Work to complete |
Return the lines of the data below, from the one containing "Red-cheeked Cordon-bleu bird" through the very last, exactly and with both ends included; no pictures.

Stored data |

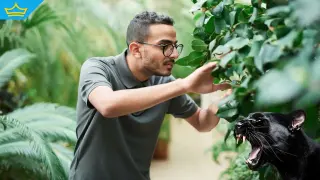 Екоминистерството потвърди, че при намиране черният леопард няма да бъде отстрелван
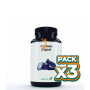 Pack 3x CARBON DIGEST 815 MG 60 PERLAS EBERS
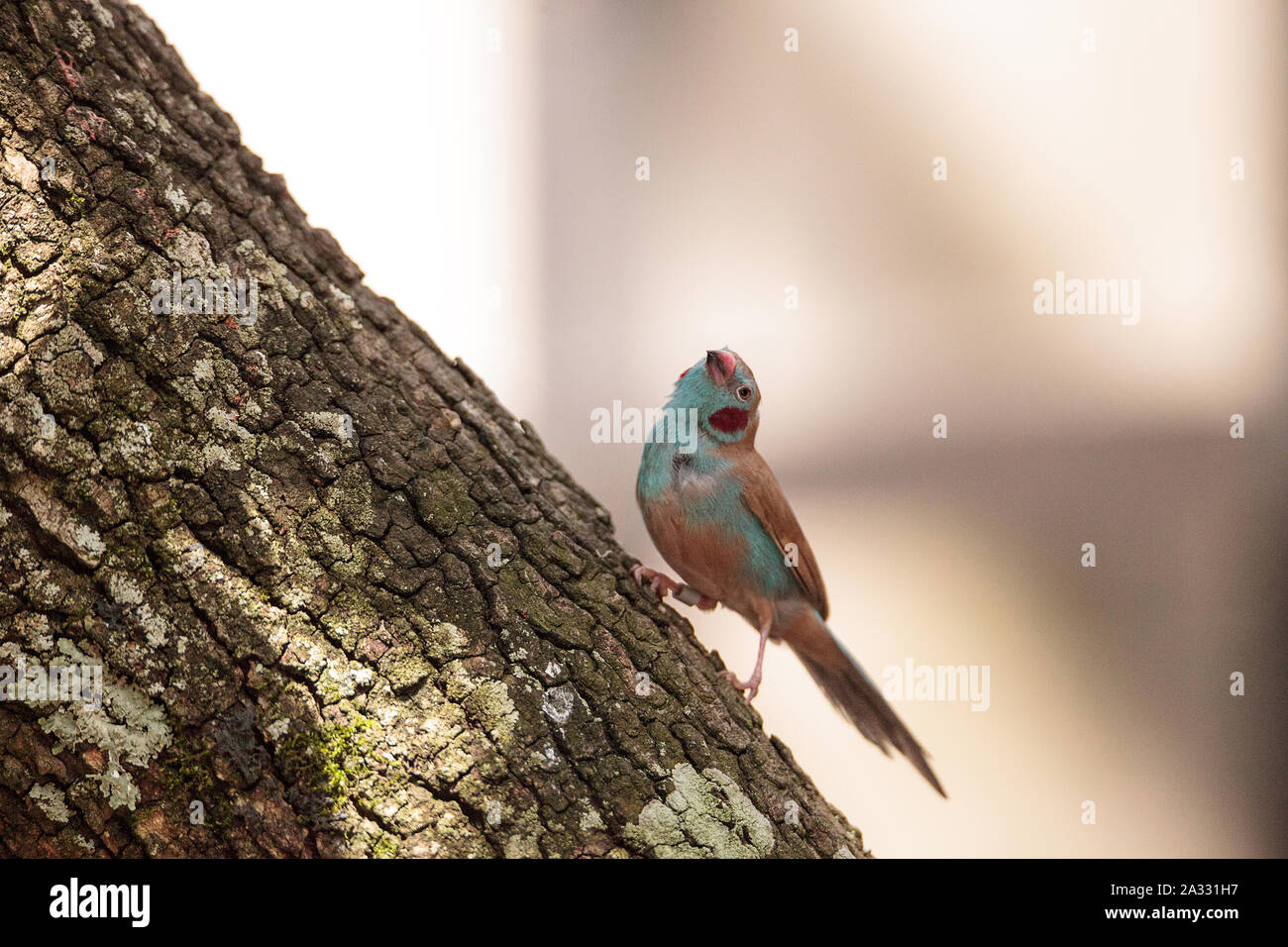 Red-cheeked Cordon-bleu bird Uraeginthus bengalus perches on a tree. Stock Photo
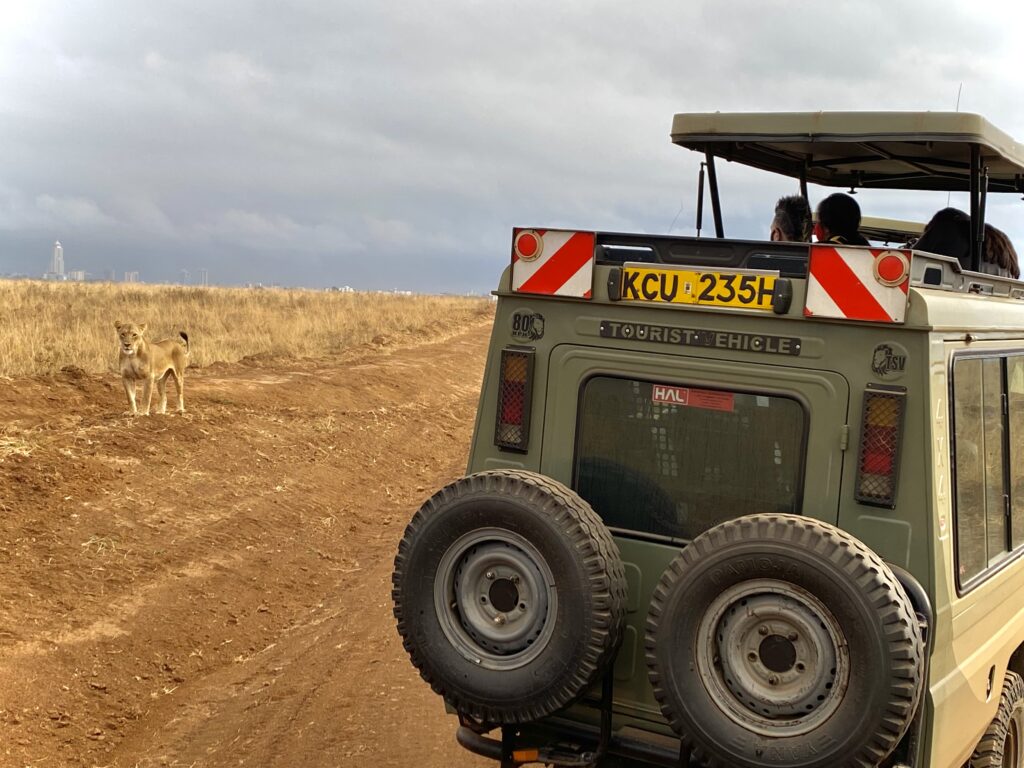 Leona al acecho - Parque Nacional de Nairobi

Task answer |
 Red-cheeked Cordon-bleu bird Uraeginthus bengalus perches on a tree. Stock Photo
 Leona al acecho - Parque Nacional de Nairobi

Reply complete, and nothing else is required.